The Pot Calls the Kettle Black

This is the day that a black Mercedes Benz driving forty five in a twenty-five mile zone almost cuts me off. Two Armenian flags fly from the rear windows and another Armenian flag is displayed on the top, clipped into the sun-roof sliding glass. The crazy driver is a young man with a booming stereo at full blast, a cigarette in his mouth. Today is a big day in my town because it is the commemoration of the Armenian genocide--1914-1918, the first holocaust of the 20th century. The orders that Hitler gave before the invasion of Poland ended with the question, "Who. after all, speaks today of the annihilation of the Armenians?"

And though many decades have passed since US Ambassador Morgenthau first reported to the Wilson government that genocide was taking place, and headlines in the New York Times recorded the massacres and forced migrations, the United States still has not officially recognized the Armenian genocide, acting according to Realpolitikischen principles in not wanting to upset the Turkish government, our allies and fellow NATO member. Candidate Obama clearly indicated that he was in favor of recognizing the Armenian genocide. President Obama made a speech in Turkey in which he mentioned violence in the past, but failed to call it genocide.

I'll get angry at the young and reckless driver of the Mercedes tomorrow, knowing that his stupidity is probably not connected to the flag he displayed. At least, as Samantha Power pointed out in an interview on KPFK yesterday, the idea of an Armenian Genocide is now widely accepted and understood as historical fact in the United States. It will just be a matter of time until the Turks come around. In the meantime, we have the economy to worry about, and Realpolitik.


This is the week that it was revealed that before Passover, at Yad Vashem, the Holocaust Center in Israel, a volunteer docent named Itamar Shapira, 29 years old, was fired for improperly pointing out to some of his tours that a massacre of Palestinians occurred in Deir Yassin in 1948 and should also be kept in mind. Yad Vashem's statement said he was fired for using his position to advance his own "political agenda."

This is the week that President Obama spoke at the Holocaust Museum some moving words regarding the Holocaust and how all of us must not turn away when faced with crimes against humanity:

Today, and every day, we have an opportunity, as well as an obligation, to confront these scourges -- to fight the impulse to turn the channel when we see images that disturb us, or wrap ourselves in the false comfort that others' sufferings are not our own. Instead we have the opportunity to make a habit of empathy; to recognize ourselves in each other; to commit ourselves to resisting injustice and intolerance and indifference in whatever forms they may take -- whether confronting those who tell lies about history, or doing everything we can to prevent and end atrocities like those that took place in Rwanda, those taking place in Darfur. That is my commitment as President. I hope that is yours, as well.

It will not be easy. At times, fulfilling these obligations require self-reflection.
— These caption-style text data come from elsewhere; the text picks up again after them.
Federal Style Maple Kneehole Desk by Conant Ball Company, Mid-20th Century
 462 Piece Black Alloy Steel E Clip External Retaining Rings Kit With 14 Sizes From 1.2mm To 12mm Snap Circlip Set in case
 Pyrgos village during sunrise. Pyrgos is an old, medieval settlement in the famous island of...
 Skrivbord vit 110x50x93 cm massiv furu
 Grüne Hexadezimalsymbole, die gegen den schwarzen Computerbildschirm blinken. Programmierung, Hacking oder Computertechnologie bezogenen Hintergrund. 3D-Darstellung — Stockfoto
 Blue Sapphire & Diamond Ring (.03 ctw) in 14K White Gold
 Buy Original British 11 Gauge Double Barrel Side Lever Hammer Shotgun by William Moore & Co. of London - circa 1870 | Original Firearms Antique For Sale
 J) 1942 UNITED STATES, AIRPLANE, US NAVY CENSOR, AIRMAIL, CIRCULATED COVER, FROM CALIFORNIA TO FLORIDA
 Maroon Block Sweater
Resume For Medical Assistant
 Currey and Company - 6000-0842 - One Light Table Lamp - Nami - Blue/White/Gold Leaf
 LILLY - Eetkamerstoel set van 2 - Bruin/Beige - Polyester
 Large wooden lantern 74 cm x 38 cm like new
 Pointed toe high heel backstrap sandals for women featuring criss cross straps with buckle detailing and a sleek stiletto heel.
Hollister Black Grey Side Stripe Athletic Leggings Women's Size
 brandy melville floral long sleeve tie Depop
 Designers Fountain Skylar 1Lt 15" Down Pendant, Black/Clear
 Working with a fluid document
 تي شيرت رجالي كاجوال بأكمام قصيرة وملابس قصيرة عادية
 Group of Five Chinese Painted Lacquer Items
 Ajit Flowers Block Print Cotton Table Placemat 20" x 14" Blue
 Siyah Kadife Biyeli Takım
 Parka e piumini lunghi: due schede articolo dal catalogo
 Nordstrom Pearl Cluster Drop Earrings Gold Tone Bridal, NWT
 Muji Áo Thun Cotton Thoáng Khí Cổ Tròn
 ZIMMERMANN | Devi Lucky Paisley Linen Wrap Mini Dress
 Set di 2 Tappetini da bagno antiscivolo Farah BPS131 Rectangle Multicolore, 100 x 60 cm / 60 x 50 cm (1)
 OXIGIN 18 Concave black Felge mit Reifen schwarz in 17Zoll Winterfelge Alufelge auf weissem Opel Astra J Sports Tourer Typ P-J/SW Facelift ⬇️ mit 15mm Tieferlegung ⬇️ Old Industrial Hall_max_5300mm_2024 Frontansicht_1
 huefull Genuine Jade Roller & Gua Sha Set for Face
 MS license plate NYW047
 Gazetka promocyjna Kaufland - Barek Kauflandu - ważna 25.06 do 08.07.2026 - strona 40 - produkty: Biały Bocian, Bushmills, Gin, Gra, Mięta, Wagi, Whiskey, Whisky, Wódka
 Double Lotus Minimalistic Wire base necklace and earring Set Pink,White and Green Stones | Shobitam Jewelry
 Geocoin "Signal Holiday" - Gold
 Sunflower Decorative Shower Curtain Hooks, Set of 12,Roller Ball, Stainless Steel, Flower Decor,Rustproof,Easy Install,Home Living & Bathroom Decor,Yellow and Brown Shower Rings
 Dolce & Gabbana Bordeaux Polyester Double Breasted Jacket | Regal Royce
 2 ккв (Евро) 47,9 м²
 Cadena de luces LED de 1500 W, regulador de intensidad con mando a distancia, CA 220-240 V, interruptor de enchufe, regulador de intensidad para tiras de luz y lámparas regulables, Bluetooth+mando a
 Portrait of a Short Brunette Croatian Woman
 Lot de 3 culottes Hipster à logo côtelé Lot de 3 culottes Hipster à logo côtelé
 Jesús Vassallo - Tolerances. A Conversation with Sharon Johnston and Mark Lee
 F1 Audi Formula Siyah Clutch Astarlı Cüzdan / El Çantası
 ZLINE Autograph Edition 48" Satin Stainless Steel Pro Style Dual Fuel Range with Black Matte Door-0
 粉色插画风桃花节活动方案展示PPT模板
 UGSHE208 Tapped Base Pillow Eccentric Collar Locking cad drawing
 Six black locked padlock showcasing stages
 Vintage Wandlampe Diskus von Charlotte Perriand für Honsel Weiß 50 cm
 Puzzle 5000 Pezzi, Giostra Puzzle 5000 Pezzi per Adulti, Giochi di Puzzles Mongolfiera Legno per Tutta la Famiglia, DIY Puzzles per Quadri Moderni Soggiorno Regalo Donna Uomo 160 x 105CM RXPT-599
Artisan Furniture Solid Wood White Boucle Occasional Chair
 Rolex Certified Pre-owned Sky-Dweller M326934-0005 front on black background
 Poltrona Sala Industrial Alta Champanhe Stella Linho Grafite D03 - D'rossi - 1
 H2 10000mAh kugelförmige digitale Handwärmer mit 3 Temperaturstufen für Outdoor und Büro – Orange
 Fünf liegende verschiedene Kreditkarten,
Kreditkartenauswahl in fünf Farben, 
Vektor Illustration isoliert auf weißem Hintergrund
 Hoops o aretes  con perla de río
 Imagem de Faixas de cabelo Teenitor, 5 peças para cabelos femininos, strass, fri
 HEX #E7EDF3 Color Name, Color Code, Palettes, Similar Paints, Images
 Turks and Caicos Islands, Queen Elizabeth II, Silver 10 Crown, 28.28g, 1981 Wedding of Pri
But in the final analysis, I believe history gives us cause for hope rather than despair -- the hope of a chosen people who have overcome oppression since the days of Exodus; of the nation of Israel rising from the destruction of the Holocaust; of the strong and enduring bonds between our nations.

It is the hope, too, of those who not only survived, but chose to live, teaching us the meaning of courage and resilience and dignity. I'm thinking today of a study conducted after the war that found that Holocaust survivors living in America actually had a higher birthrate than American Jews. What a stunning act of faith -- to bring a child in a world that has shown you so much cruelty; to believe that no matter what you have endured, or how much you have lost, in the end, you have a duty to life.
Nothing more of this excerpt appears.